Atkinson indeksi ölçekten bağımsızlık ilkesini sağlamaktadır. Atkinson indeksi aynı zamanda gelir grupları arasında gerçekleşen gelir aktarımlarının gelir dağılımı eşitsizliğine etkisini yansıtabilmektedir. Atkinson indeksi gelir dağılımı eşitsizlik ölçütlerinde aranan ölçekten bağımsızlık ilkesi ile transfer ilkesini birlikte sağlamaktadır.
Atkinson indeksi toplumun eşitsizlikten kaçınma parametresinin alacağı değere bağlı olmakla birlikte transfer ilkesini sağlayan bir eşitsizlik ölçütüdür.
Yüzde Paylar Analizi
Gelir gruplarının yüzde payları üzerinden yapılan analizler gelir dağılımı eşitsizlik ölçütleriyle gözlenemeyen önemli bilgiler aktarmaktadır.
Pen’in geçit töreninde olduğu gibi bireyler ve hanehalkları en düşükten en yükseğe doğru sıralanır.
En düşük gelirliden başlayarak bireyler veya hanehalkları %20, %10, %5 veya %1 gibi nüfus dilimlerine ayrılır. Her bir nüfus dilimi aynı zamanda sıralanmış gelir grubunu tanımlamaktadır.
Yüzdelik gelir gruplarda toplanan gelir, toplam gelire oranlanarak nüfus dilimlerine/gelir gruplarına ilişkin gelir yüzdeleri elde edilir. Böylelikle, en düşük gelirli yüzdelik gruptan başlayarak en yüksek gelirli yüzdelik gruba kadar tüm gelir gruplarının toplam gelirden aldığı yüzdelik paylar ifade edilmiş olmaktadır. Gelir gruplarına göre gelir dağılımı analizlerinin bir başka yolu da her bir gelir grubunun reel gelirinin hesaplanmasıdır.

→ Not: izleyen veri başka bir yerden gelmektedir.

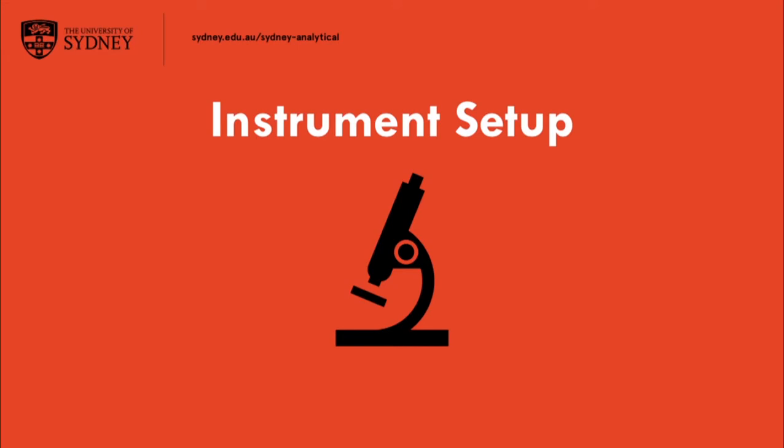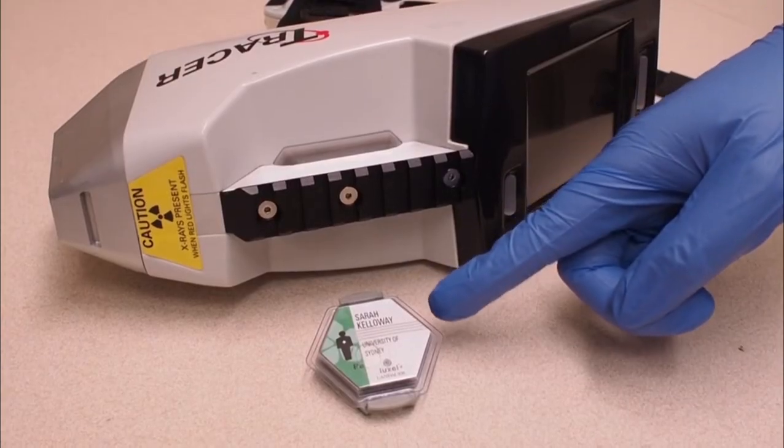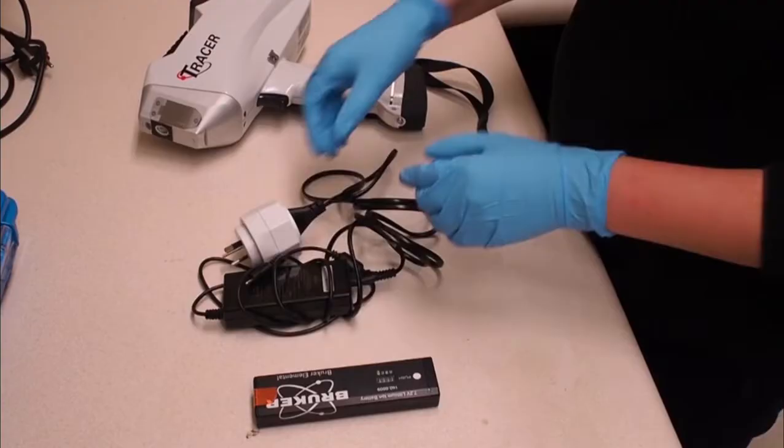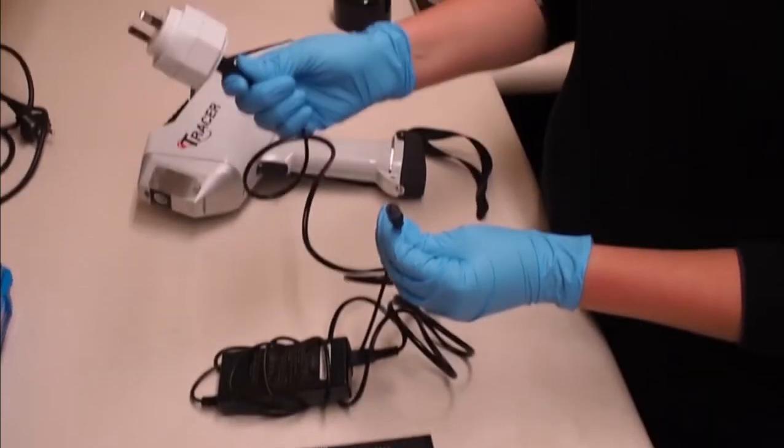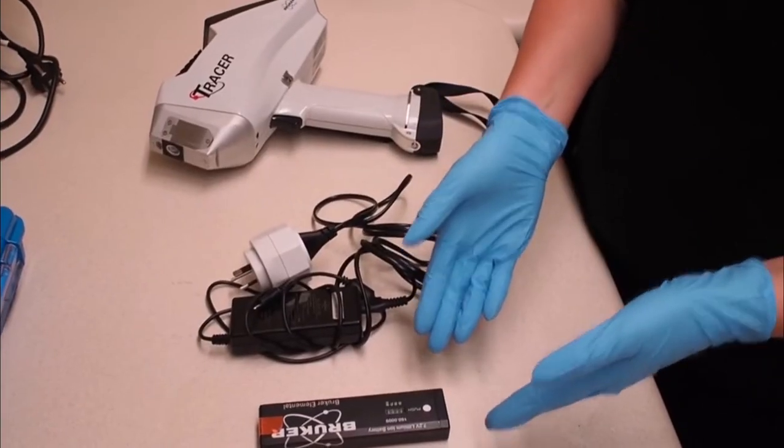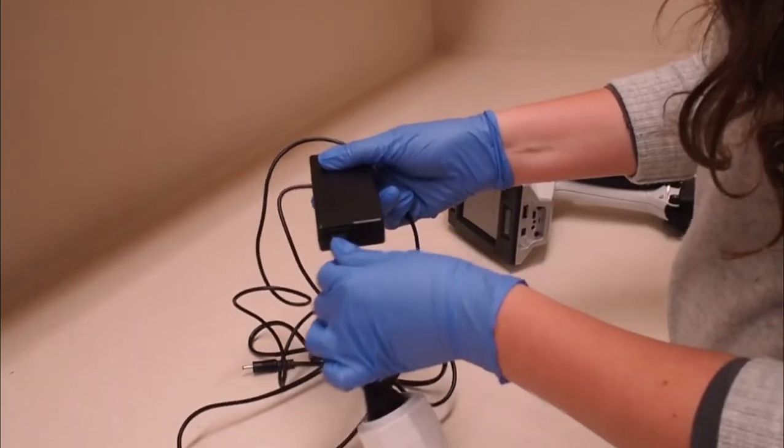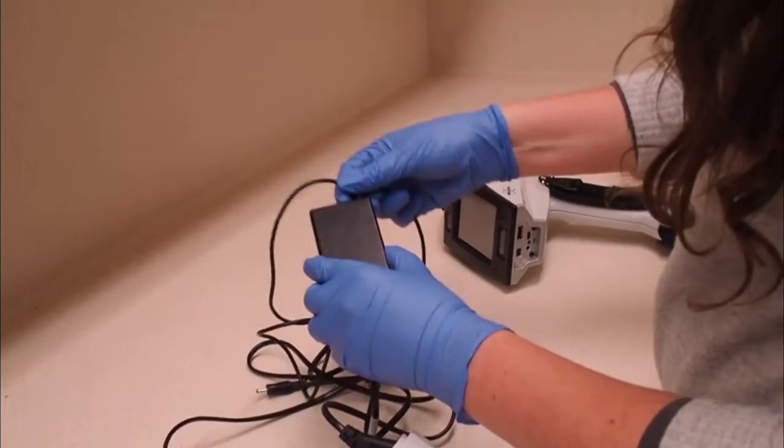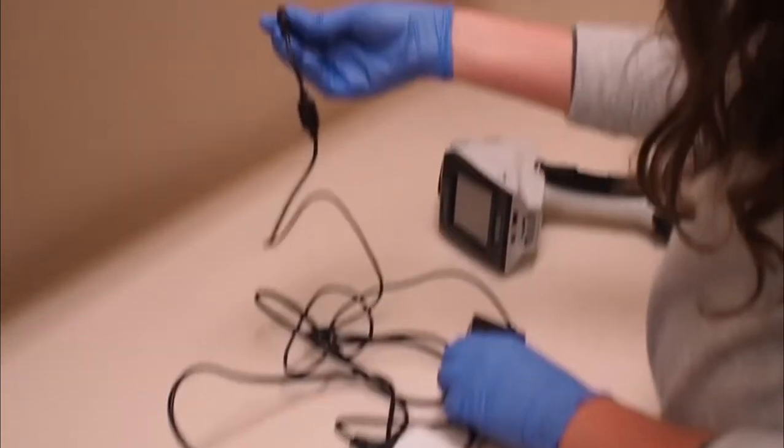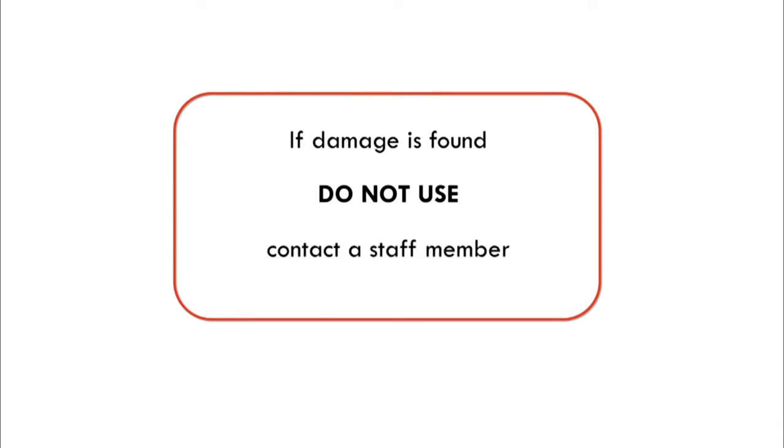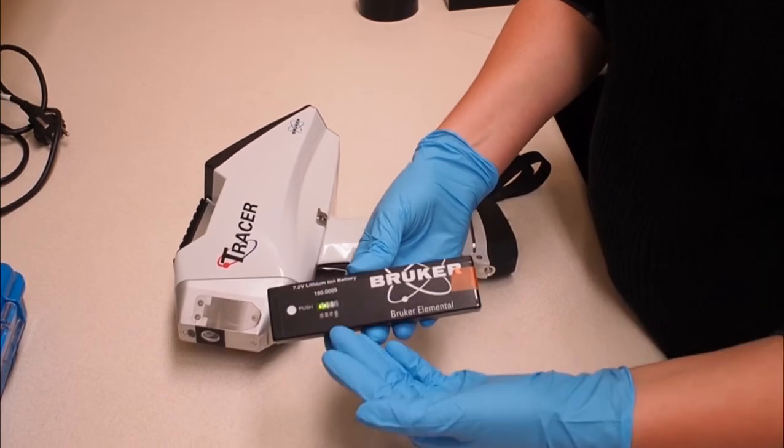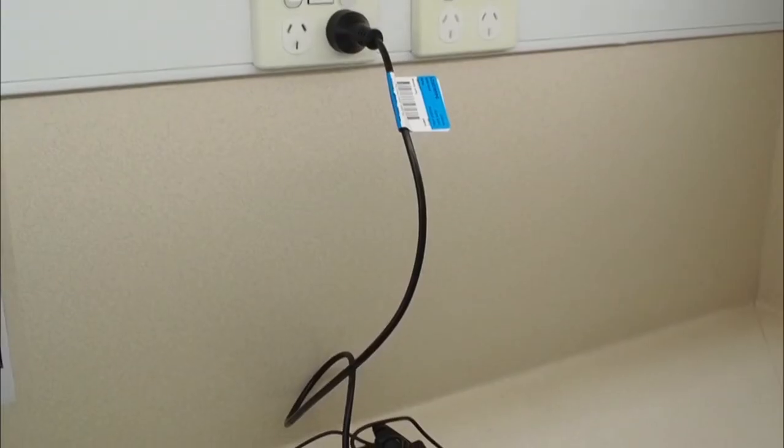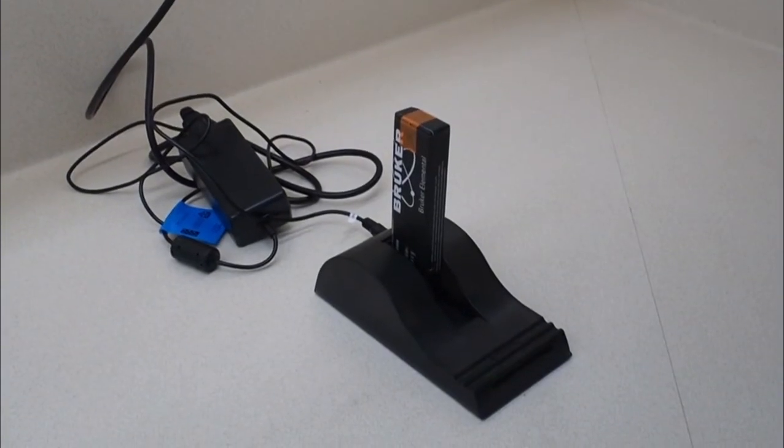Instrument setup. Ensure you are wearing a dosimeter and the correct personal protective clothing. The tracer can be powered off main power or battery operated. Check the power leads, cables, batteries and instrument housing for damage or signs of wear. If there is any doubt, do not use the instrument and contact a Sydney analytical staff member. Check the charge on the batteries by pushing on the side. When you have finished using the instrument, please return the batteries fully charged.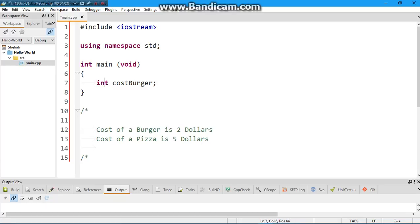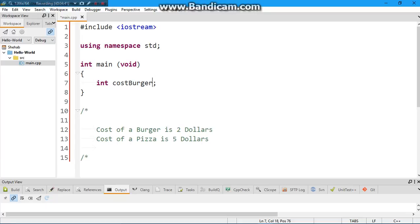On line seven, int is our data type — shown in purple — so it's going to hold an integer. cost_burger is just the name; you can call your variable almost anything, but you should not have two variables with the same name in the same program. We declared the variable — told the computer to make a space — and now we initialize it by giving it a value. The value is two, not 'two dollars' because dollars is not a number. So: cost_burger = 2.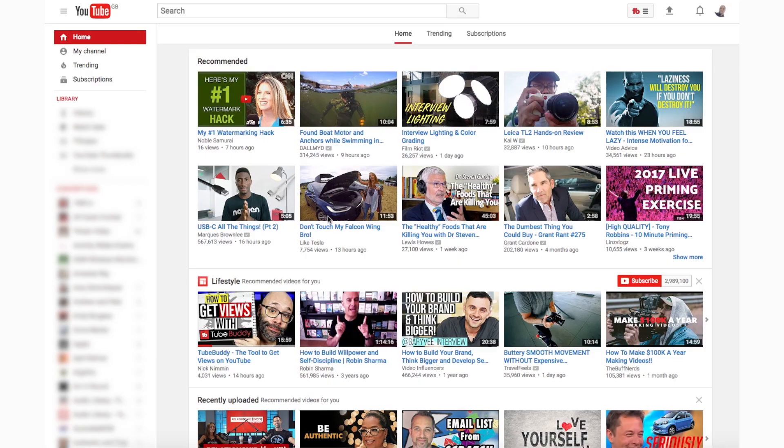Let's get started. I'm going to jump onto the computer and show you exactly how to add your social media links to your YouTube banner. For this you should be logged onto your YouTube or Google account.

Gelir gruplarının ortalama geliri, en düşük ve en yüksek geliri bilgisinden hareketle gelir gruplarının yıllara göre satın alma güçlerindeki gelişmeler de izlenebilmektedir. Bu yoldan elde edilen bilgi gelir gruplarının göreli kayıp ve kazançlarına kıyasla daha açıklayıcı olabilmektedir.
Analizlerde gelir gruplarının ortalama geliri, genel ortalama gelir ile karşılaştırılmaktadır. Böylelikle bir gelir grubunun ortalama gelirin üzerinde veya altında olduğu bilgisi elde edilirken, ortalama gelirin değişme yönü ve oranı ile gelir grubuna ait ortalama gelirin değişme yönü ve oranı karşılaştırılarak gelir dağılımının gelişimi konusunda bilgi sahibi olunabilmektedir.
Gelir gruplarına göre yapılan sıralamanın ortaya koyduğu yüzdelik paylar analizinin bir başka uygulaması da en yüksek ve en düşük gelir paylarının karşılaştırılması amacıyla gelir dağılımı eşitsizliğini gösteren oranların hesaplanmasıdır. Bu yaklaşım gelir grupları arasındaki eşitsizliğin hesaplanmasına olanak sağlamaktadır.